*** Record excerpts ***

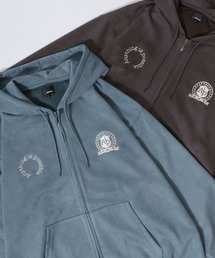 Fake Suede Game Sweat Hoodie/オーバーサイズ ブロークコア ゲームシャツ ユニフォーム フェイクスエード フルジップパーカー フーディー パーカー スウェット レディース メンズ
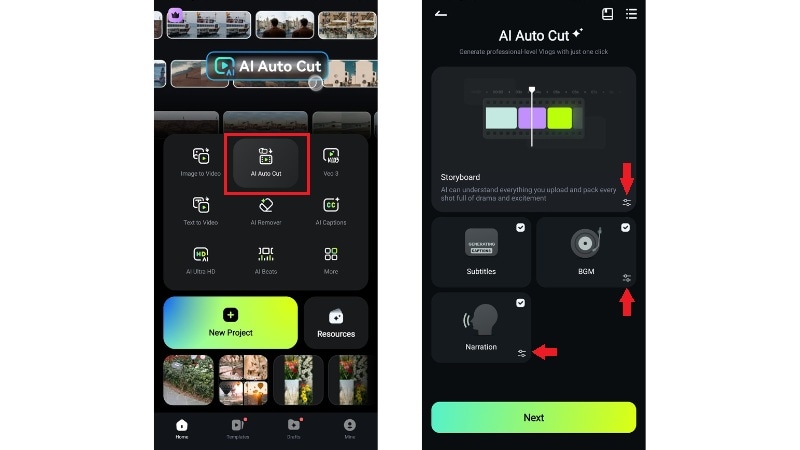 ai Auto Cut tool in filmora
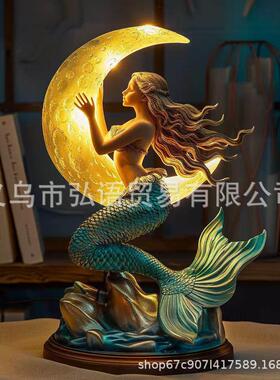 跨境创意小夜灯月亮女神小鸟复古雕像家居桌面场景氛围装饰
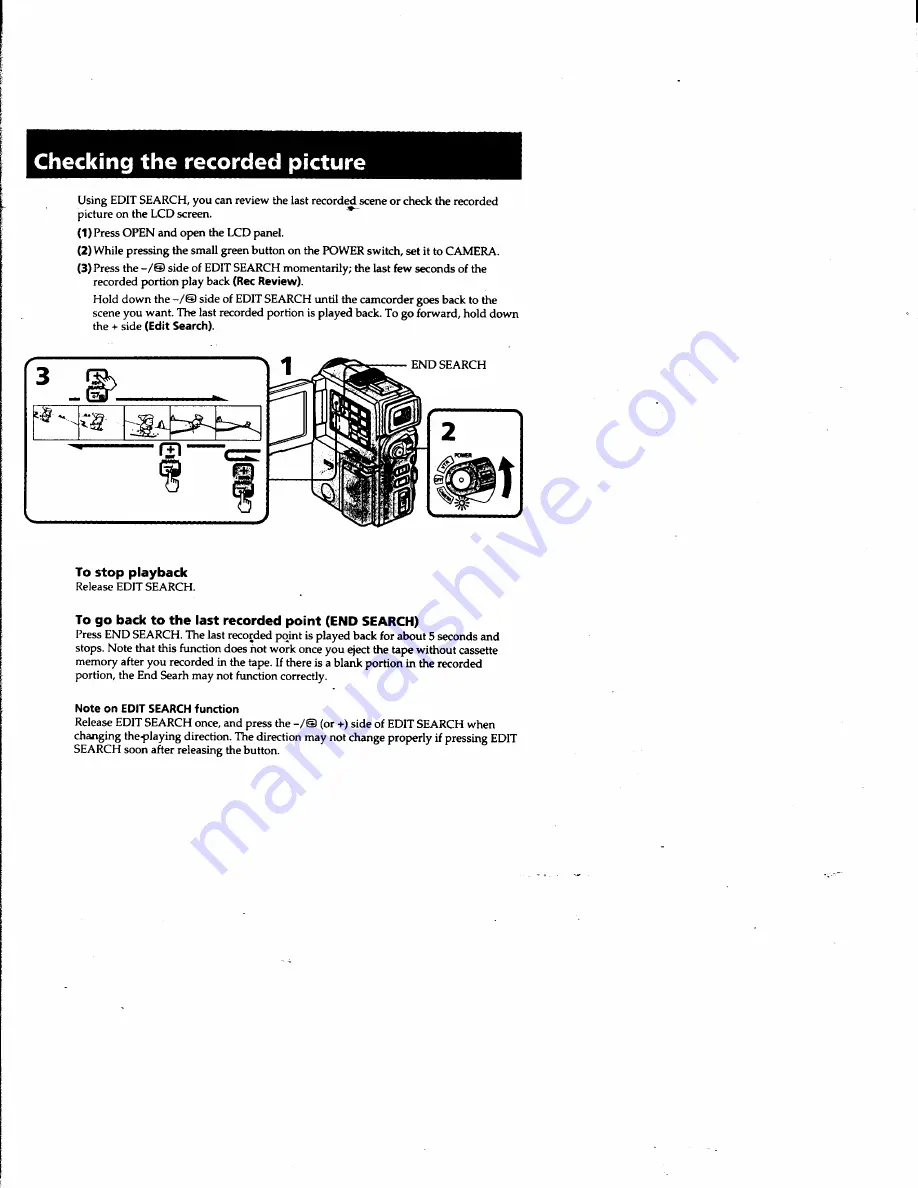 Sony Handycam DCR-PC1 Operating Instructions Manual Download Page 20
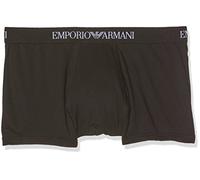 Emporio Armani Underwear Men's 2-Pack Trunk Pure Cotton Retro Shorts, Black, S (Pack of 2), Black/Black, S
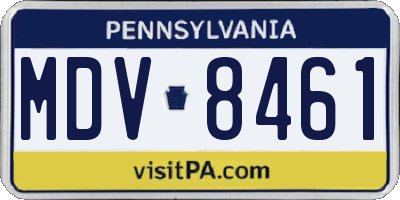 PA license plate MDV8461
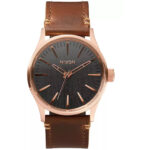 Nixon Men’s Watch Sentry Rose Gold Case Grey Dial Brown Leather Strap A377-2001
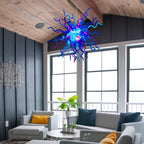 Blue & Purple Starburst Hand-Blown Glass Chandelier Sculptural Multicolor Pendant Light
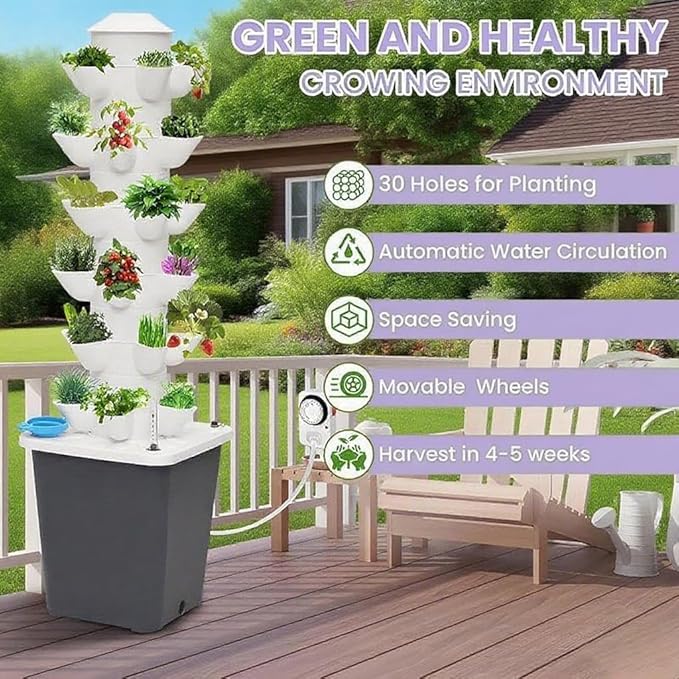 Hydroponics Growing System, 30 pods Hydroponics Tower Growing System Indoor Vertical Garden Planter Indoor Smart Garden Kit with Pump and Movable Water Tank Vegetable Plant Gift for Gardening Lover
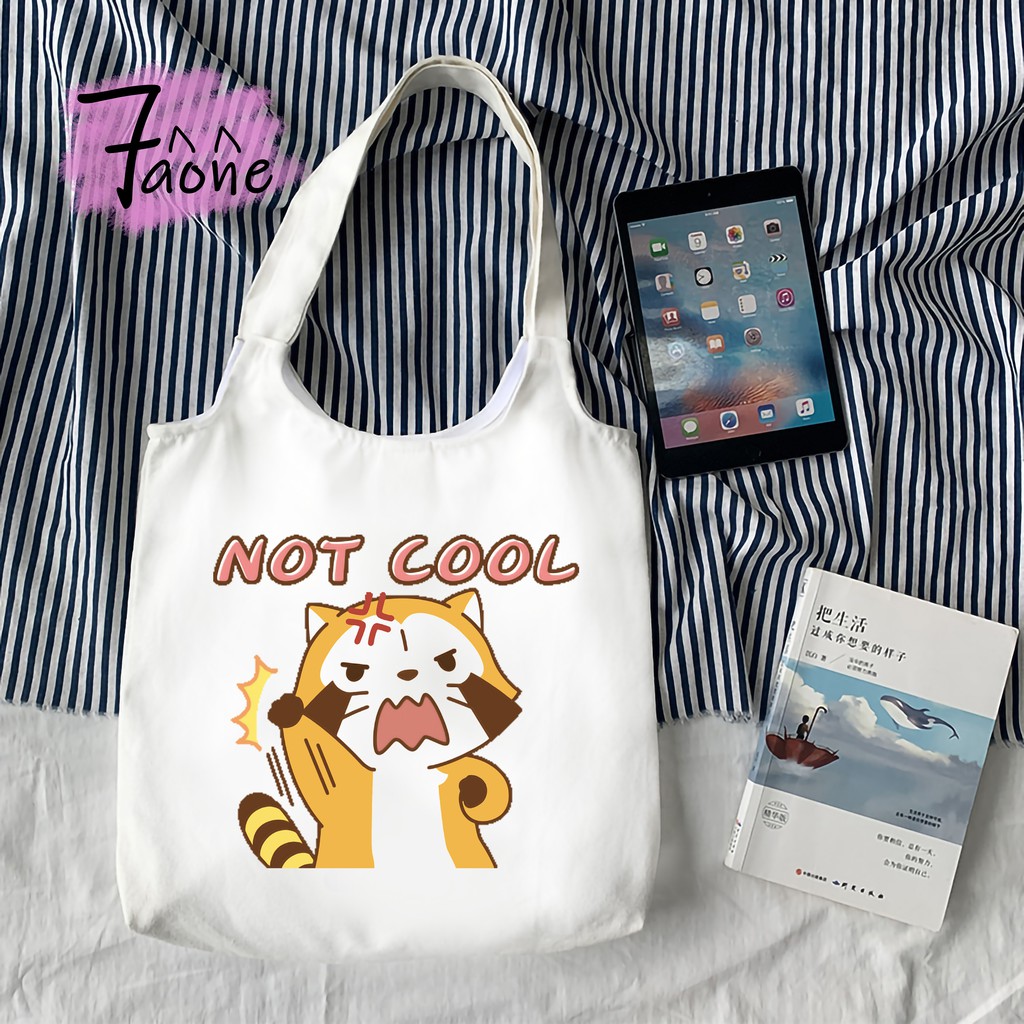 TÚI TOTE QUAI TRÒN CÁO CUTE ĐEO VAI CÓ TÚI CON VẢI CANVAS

*** End of Record excerpts ***
*** Record excerpts ***

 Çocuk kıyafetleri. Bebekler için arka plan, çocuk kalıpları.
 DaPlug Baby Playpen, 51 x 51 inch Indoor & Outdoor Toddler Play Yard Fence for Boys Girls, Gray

*** End of Record excerpts ***
*** Record excerpts ***

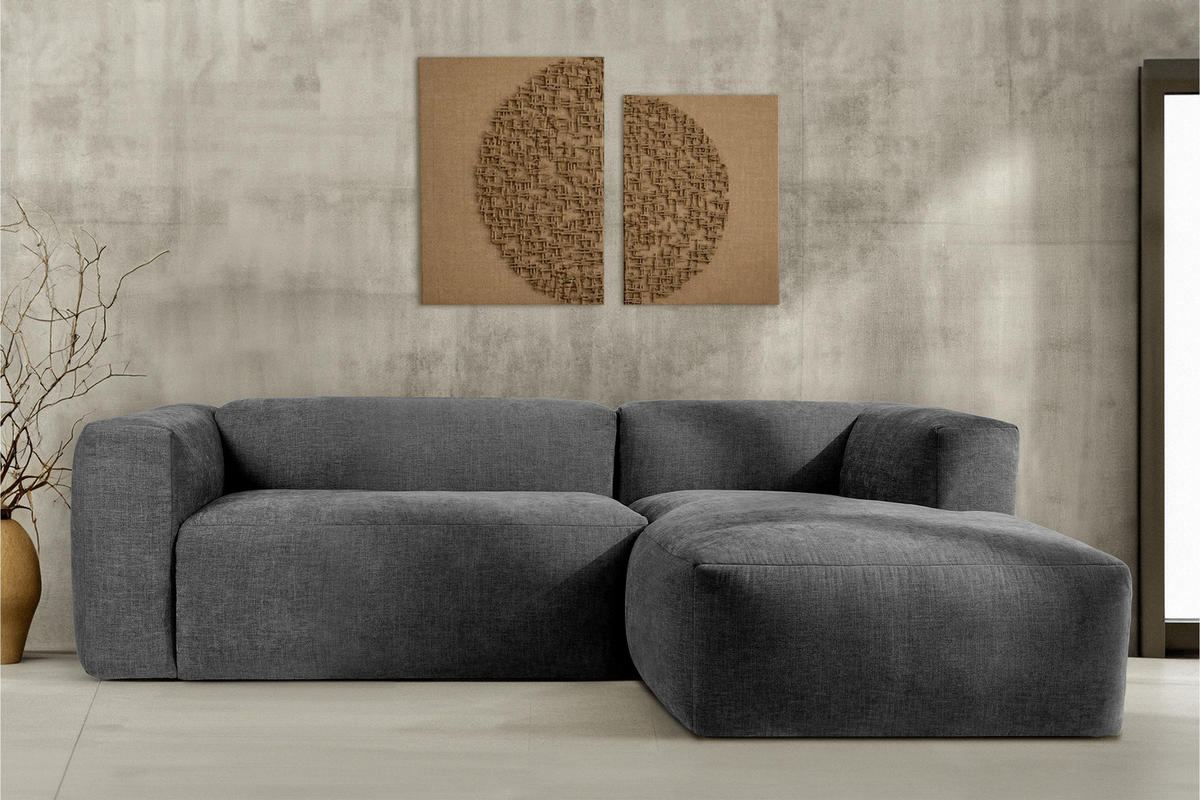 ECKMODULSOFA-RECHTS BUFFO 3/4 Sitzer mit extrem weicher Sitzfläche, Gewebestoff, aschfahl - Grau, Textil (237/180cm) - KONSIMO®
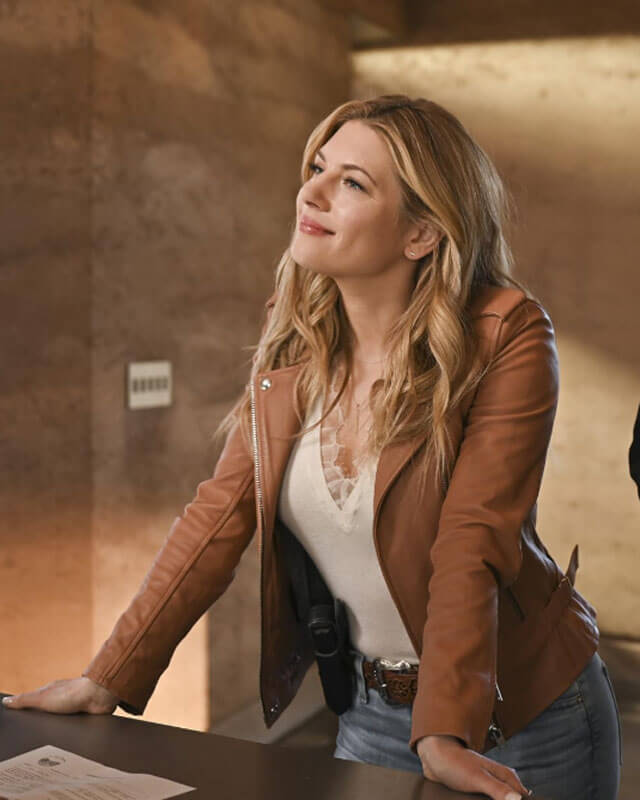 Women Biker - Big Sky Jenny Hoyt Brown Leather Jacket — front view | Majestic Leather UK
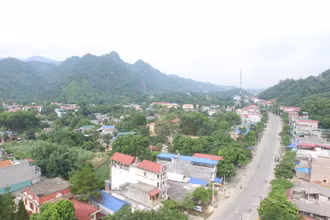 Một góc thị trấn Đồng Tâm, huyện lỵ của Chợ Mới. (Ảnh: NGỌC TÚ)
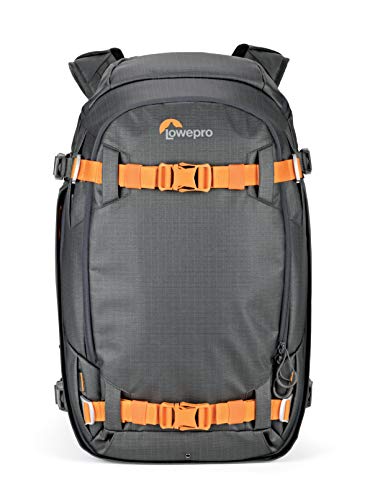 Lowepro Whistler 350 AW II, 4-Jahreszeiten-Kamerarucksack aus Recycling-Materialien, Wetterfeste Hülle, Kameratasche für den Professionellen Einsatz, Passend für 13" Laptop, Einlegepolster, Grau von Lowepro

*** End of Record excerpts ***

Work instructions —
The copy should hold exactly the lines above from the one with "Fake Suede Game" through the one with "Hydroponics Growing System, 30", both ends counted, and no pictures at all.

Response to this exercise —
 Fake Suede Game Sweat Hoodie/オーバーサイズ ブロークコア ゲームシャツ ユニフォーム フェイクスエード フルジップパーカー フーディー パーカー スウェット レディース メンズ
 ai Auto Cut tool in filmora
 跨境创意小夜灯月亮女神小鸟复古雕像家居桌面场景氛围装饰
 Sony Handycam DCR-PC1 Operating Instructions Manual Download Page 20
 Emporio Armani Underwear Men's 2-Pack Trunk Pure Cotton Retro Shorts, Black, S (Pack of 2), Black/Black, S
 PA license plate MDV8461
 Nixon Men’s Watch Sentry Rose Gold Case Grey Dial Brown Leather Strap A377-2001
 Blue & Purple Starburst Hand-Blown Glass Chandelier Sculptural Multicolor Pendant Light
 Hydroponics Growing System, 30 pods Hydroponics Tower Growing System Indoor Vertical Garden Planter Indoor Smart Garden Kit with Pump and Movable Water Tank Vegetable Plant Gift for Gardening Lover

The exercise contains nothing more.